• _ENTRIES PROVIDED_
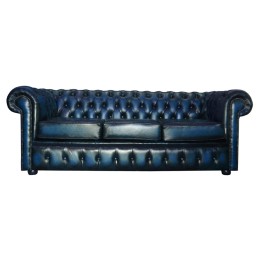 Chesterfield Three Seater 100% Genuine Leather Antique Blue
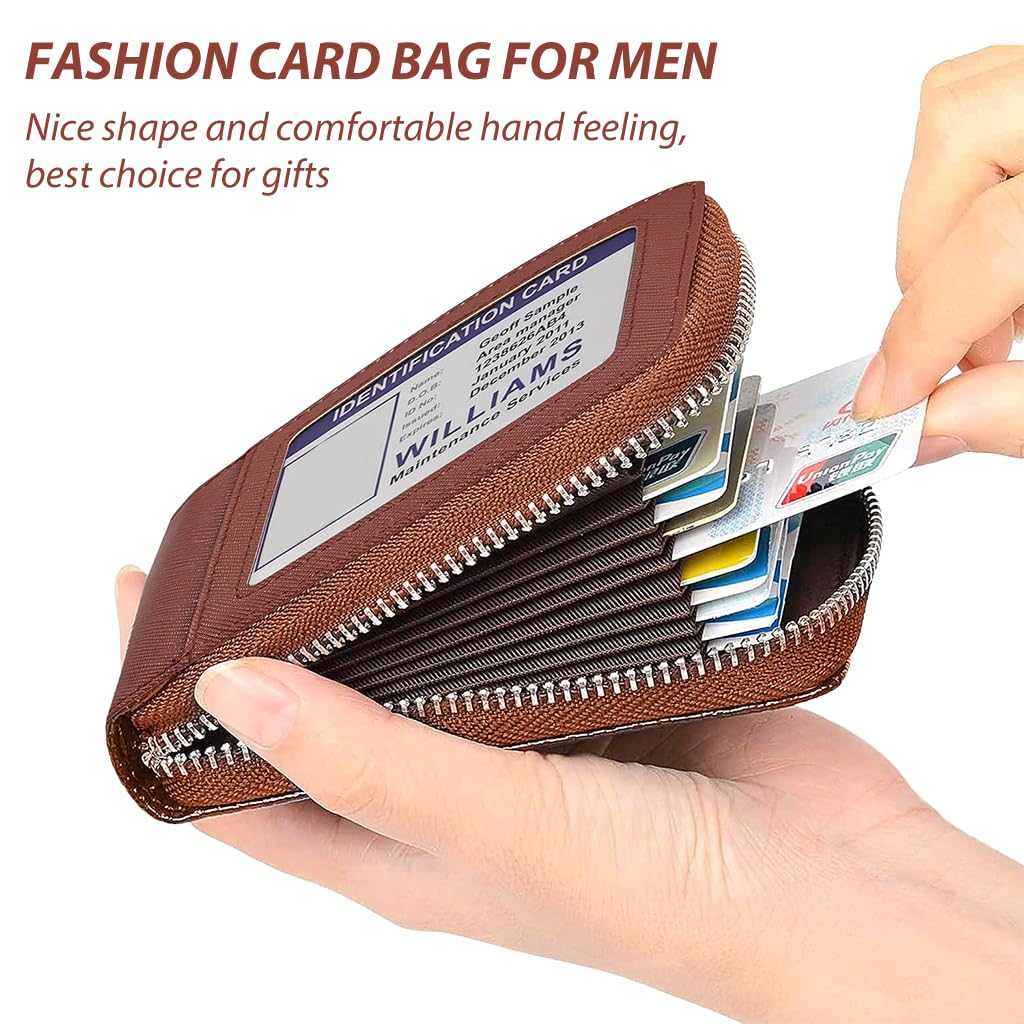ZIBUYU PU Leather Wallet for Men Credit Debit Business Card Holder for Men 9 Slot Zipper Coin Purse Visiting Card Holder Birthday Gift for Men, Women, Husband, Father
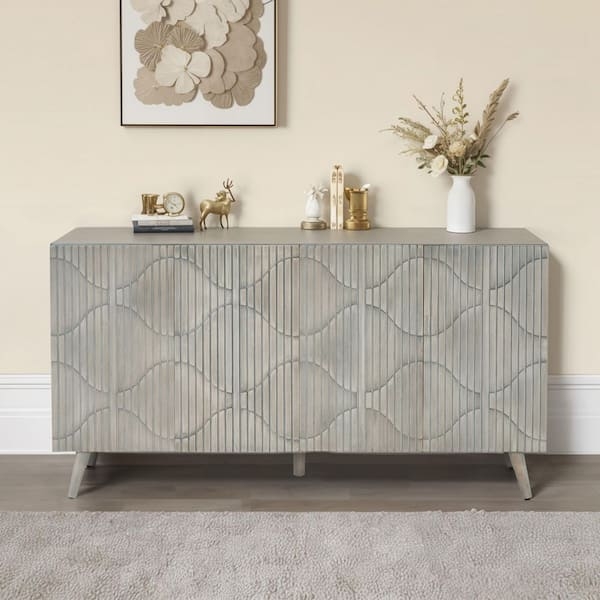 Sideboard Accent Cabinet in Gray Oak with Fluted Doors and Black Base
--
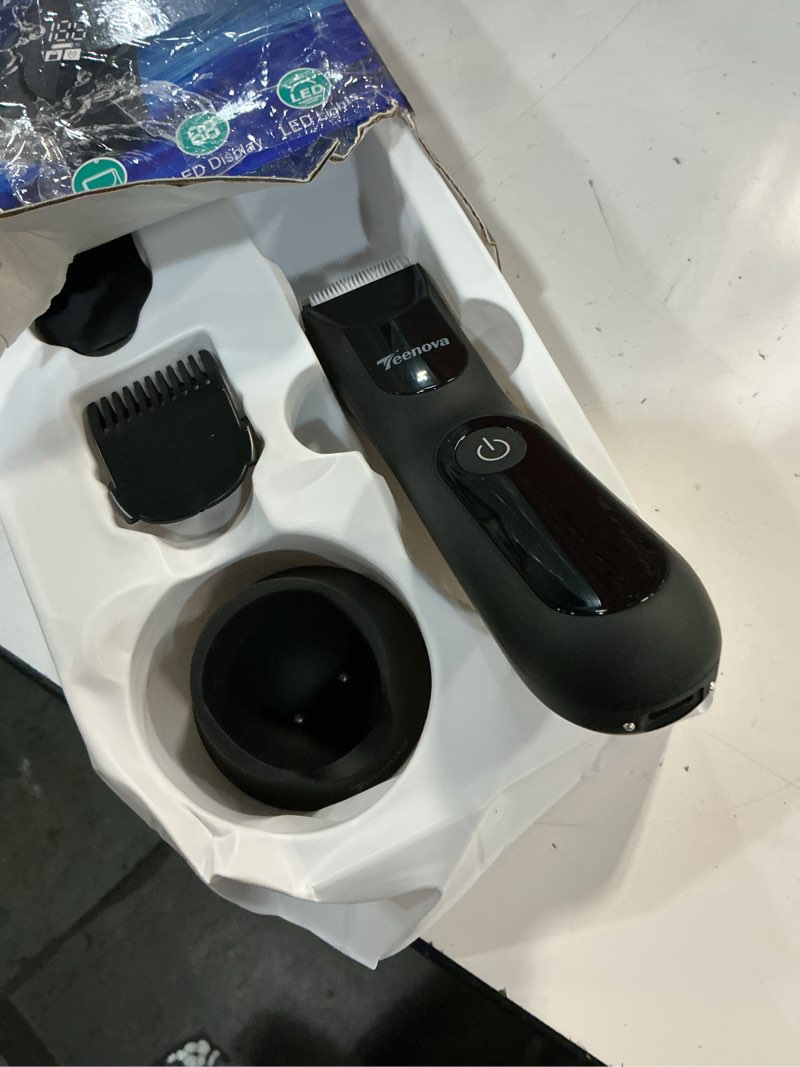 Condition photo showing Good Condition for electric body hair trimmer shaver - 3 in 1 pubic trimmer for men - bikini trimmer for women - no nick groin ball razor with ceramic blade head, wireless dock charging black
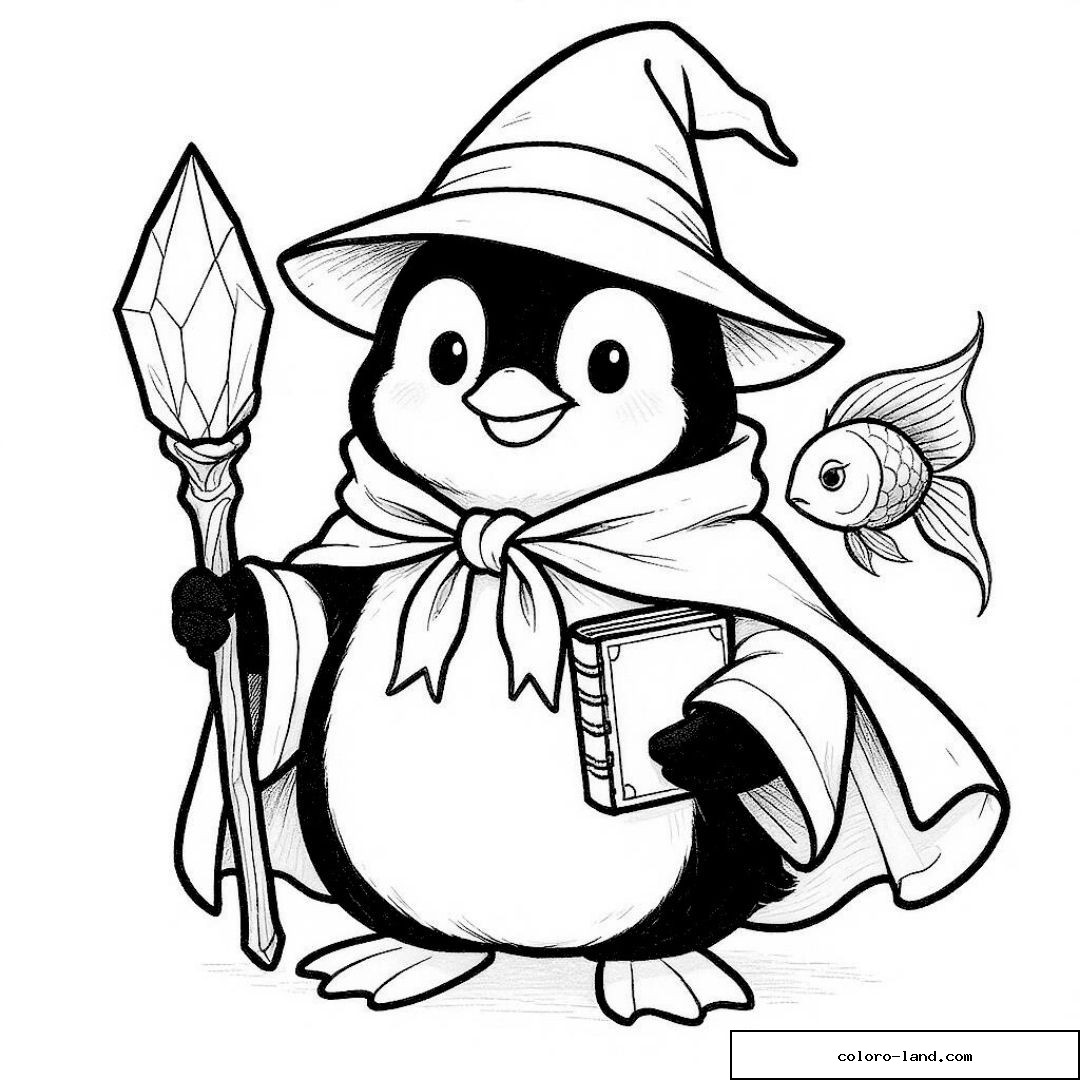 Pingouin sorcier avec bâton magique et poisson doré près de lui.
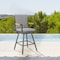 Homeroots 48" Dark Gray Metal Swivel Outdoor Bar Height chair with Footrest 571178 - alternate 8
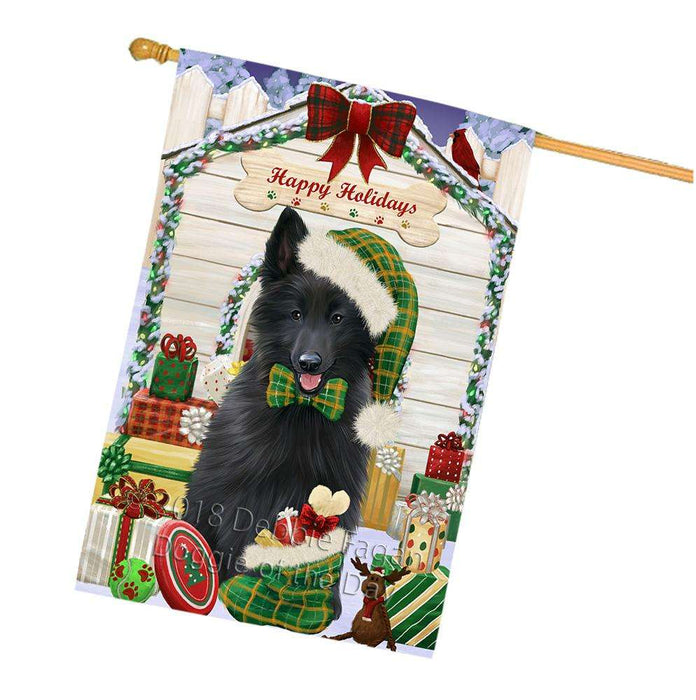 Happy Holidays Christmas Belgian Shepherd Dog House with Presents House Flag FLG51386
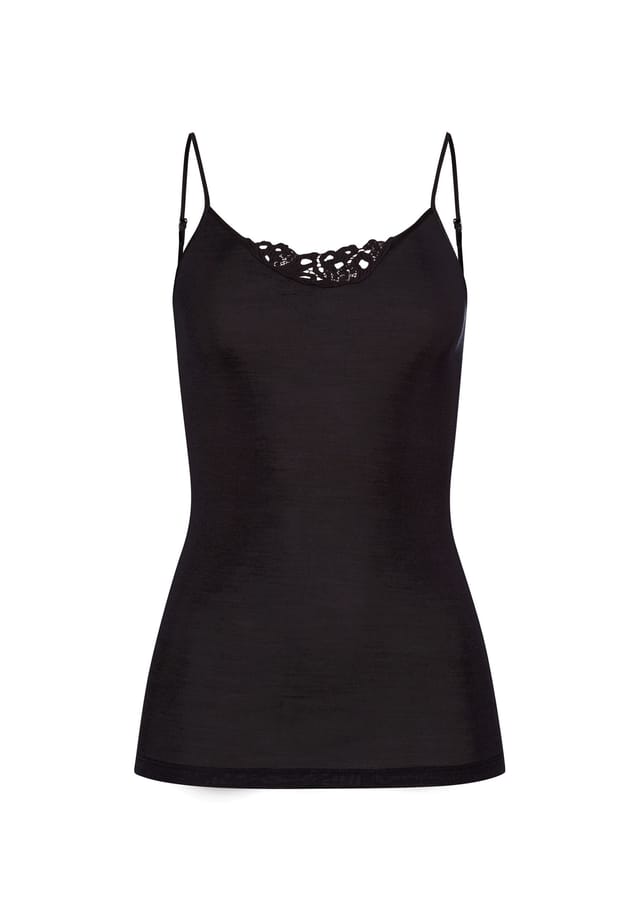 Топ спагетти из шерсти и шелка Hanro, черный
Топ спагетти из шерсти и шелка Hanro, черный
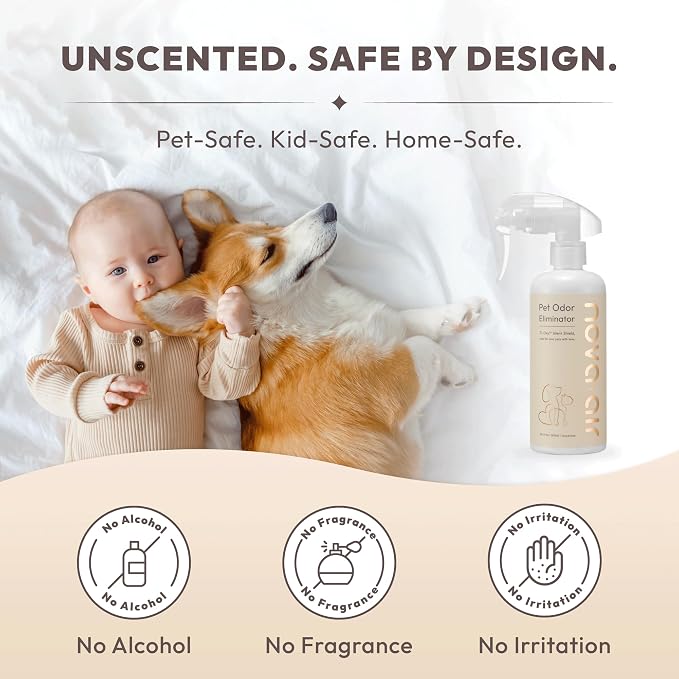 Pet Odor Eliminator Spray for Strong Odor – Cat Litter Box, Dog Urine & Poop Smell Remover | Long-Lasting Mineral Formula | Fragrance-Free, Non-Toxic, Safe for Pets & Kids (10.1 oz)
---
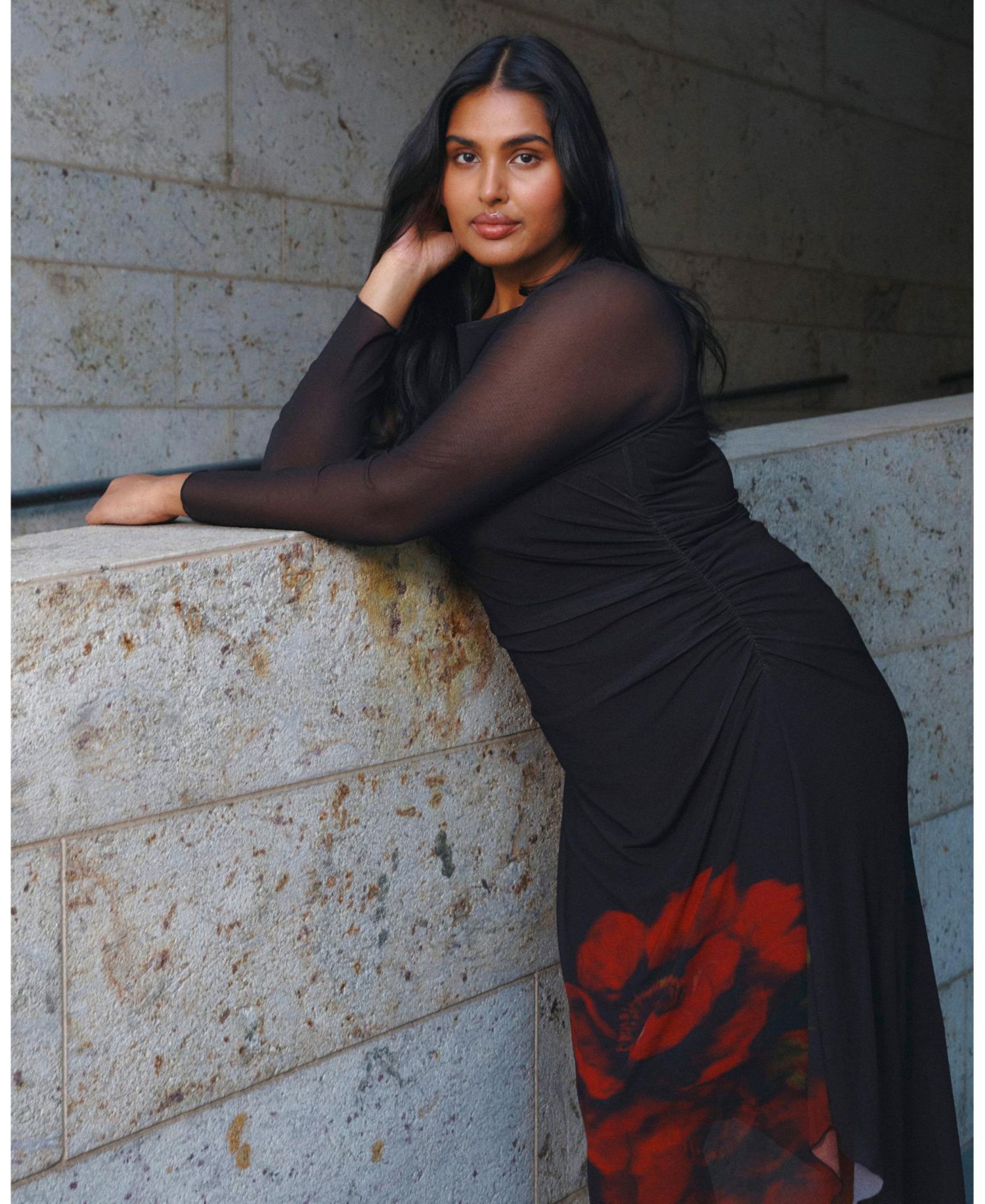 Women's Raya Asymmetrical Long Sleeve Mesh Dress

• _YOUR INSTRUCTIONS_
What is needed is an exact copy of only the lines above from the one with "Pingouin sorcier avec" to the one with "Pet Odor Eliminator", both kept, with every picture left out.

• _ANSWER TO THIS TASK_
 Pingouin sorcier avec bâton magique et poisson doré près de lui.
 Homeroots 48" Dark Gray Metal Swivel Outdoor Bar Height chair with Footrest 571178 - alternate 8
 Happy Holidays Christmas Belgian Shepherd Dog House with Presents House Flag FLG51386
 Топ спагетти из шерсти и шелка Hanro, черный
Топ спагетти из шерсти и шелка Hanro, черный
 Pet Odor Eliminator Spray for Strong Odor – Cat Litter Box, Dog Urine & Poop Smell Remover | Long-Lasting Mineral Formula | Fragrance-Free, Non-Toxic, Safe for Pets & Kids (10.1 oz)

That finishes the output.